# INPUT DATA

- Opening Delimiter -

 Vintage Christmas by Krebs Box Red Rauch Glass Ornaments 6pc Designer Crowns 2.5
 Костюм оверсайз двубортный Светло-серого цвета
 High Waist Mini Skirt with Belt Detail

- Closing Delimiter -
- Opening Delimiter -

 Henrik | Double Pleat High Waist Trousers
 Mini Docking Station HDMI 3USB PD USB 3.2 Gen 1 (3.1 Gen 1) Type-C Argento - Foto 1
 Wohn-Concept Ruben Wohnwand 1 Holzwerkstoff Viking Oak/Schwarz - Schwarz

- Closing Delimiter -

# ASSIGNED TASK
Beginning at the line with "Костюм оверсайз двубортный" and stopping after the line with "High Waist Mini Skirt with Belt Detail", please write out every line of the data above exactly and nothing else.

# TASK OUTPUT
 Костюм оверсайз двубортный Светло-серого цвета
 High Waist Mini Skirt with Belt Detail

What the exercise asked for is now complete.